OK, I'm CONSIDERING starting a small farmers market and small home shop selling extras off my homestead. Although homesteading for 13 yrs, never did this due to homeschooling and trying to build the farm. Grad 2, 1 kid left, and think it might be time. I have done some brainstorming but what is your biggest advice? What do I most need to know? I am ordering Ken's e-book, but is there a website or forum where I can specifically get ideas and info on such topics as legalities of selling certain items, sales tax, income taxes, marketing strategies,reselling other people's products, etc.? the following is a possible list of products so far....
goat's milk soap ( selling raw milk is illegal in Iowa)
eggs
baked goods
produce, herbs
bedding plants
woodcarvings (my son's)
honey
flower arrangements
No Greater Joy books
Baker Creek Seeds

I have considered pros and cons and phases I would try to grow into it. I really would like to just make enough to pay for the animals feed expenses so we can feel more self sufficient. I appreciate your help and if there are any other homesteaders near the Cedar Valley in Iowa please let's find each other!! Everyone around here are commerical big buisness farmers. Thanks!!! Kathie in Iowa


----------



## clovis (May 13, 2002)

Will this be a farmer's market where you only sell what you have, or is this a deal where other farmers can show up and sell their stuff?


----------



## blufford (Nov 23, 2004)

Sell peacock feathers for cat owners...unless you have an friendly ostrich handy.
Sell loose flowers.
Sell mature patio tomato plants already potted.
Decorative ceramic pots for house plants.
Small evergreen funeral wreathes.
Personal sized carrot cake slices.
Cheap sunglasses...ask Nomad
Pot holders with bees or sunflowers on them. Aprons too.


----------



## windmillacres (Aug 18, 2005)

Wow, what a list of ideas of stuff to sell! i am trying to focus on things I already have or do, but those are some unique products. I mistyped my first post. I was talking about selling at farmers markets in my area, and then possible starting my own home shop attached to my greenhouse. I know you're probably thinking, so everybody sells at farmers markets, go sell your stuff! Well I never have, and I want to do this right so it ends up being successful. I think I could sell the soap on Ebay or whatever, that would be in Phase 3. Phase 1 I wanted to start this summer with a few things I already have to sell at farmers market in our local town. Is it smarter tostick with small town costing pretty low to sell, or paying $100 for a summer slot in our big metro area of Waterloo 50,000? All you business experts out there please give me some advice! Thanks!!!!!!!! Kat


----------



## partndn (Jun 18, 2009)

blufford said:


> Sell peacock feathers for cat owners...unless you have an friendly ostrich handy.
> Sell loose flowers.
> Sell mature patio tomato plants already potted.
> Decorative ceramic pots for house plants.
> ...


That is so funny you mention the funeral things.

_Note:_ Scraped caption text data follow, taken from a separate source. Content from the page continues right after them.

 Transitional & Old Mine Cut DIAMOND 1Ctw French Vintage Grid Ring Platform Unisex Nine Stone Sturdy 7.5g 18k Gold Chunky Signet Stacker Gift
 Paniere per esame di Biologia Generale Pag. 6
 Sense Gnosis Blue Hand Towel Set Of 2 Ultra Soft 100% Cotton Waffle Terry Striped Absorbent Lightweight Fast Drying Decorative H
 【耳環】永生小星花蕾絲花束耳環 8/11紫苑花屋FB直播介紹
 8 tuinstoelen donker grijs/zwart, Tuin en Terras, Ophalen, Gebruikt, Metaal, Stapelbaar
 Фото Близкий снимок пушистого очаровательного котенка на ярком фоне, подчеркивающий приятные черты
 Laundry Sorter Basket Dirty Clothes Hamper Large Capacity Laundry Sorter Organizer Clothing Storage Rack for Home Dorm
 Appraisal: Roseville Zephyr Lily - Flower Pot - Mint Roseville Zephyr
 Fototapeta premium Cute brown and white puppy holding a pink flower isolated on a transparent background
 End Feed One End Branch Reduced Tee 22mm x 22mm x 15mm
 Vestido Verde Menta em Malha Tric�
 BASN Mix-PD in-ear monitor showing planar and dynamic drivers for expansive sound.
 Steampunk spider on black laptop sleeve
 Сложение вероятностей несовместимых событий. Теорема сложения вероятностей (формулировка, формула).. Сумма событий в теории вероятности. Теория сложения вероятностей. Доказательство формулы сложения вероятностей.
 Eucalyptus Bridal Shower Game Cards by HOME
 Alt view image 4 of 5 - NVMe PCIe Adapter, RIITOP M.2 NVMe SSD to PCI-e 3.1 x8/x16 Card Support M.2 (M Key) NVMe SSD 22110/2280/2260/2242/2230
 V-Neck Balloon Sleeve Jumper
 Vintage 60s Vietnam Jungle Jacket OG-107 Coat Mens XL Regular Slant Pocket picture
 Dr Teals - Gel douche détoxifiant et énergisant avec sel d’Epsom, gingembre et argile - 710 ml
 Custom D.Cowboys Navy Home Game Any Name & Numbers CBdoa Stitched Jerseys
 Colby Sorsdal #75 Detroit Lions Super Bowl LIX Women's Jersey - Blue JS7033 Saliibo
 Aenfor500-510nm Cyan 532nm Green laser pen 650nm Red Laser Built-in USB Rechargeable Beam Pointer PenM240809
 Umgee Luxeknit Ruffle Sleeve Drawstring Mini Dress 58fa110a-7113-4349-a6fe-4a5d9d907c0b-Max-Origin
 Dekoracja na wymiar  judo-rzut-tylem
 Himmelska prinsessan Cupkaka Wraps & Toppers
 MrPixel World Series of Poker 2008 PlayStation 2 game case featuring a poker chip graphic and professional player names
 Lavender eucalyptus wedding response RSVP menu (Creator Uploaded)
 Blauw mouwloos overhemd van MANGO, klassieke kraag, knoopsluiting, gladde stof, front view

I have been doing live flower arrangements for my church for years, and silk arrangements for family cemetary as well.

I am ASTOUNDED at the price of silks for this purpose at the craft stores!!!

:shocked: I have had great satisfaction making for about 15 20 dollars what costs about 75-100 dollars!

I'm sure there are many who are not willing to do their own or figure out how, so I agree that should be a seller.


----------



## clovis (May 13, 2002)

windmillacres said:


> Wow, what a list of ideas of stuff to sell! i am trying to focus on things I already have or do, but those are some unique products. I mistyped my first post. I was talking about selling at farmers markets in my area, and then possible starting my own home shop attached to my greenhouse. I know you're probably thinking, so everybody sells at farmers markets, go sell your stuff! Well I never have, and I want to do this right so it ends up being successful. I think I could sell the soap on Ebay or whatever, that would be in Phase 3. Phase 1 I wanted to start this summer with a few things I already have to sell at farmers market in our local town. Is it smarter tostick with small town costing pretty low to sell, or paying $100 for a summer slot in our big metro area of Waterloo 50,000? All you business experts out there please give me some advice! Thanks!!!!!!!! Kat


Personally, I don't think you are ever going to know until you get out there and try it.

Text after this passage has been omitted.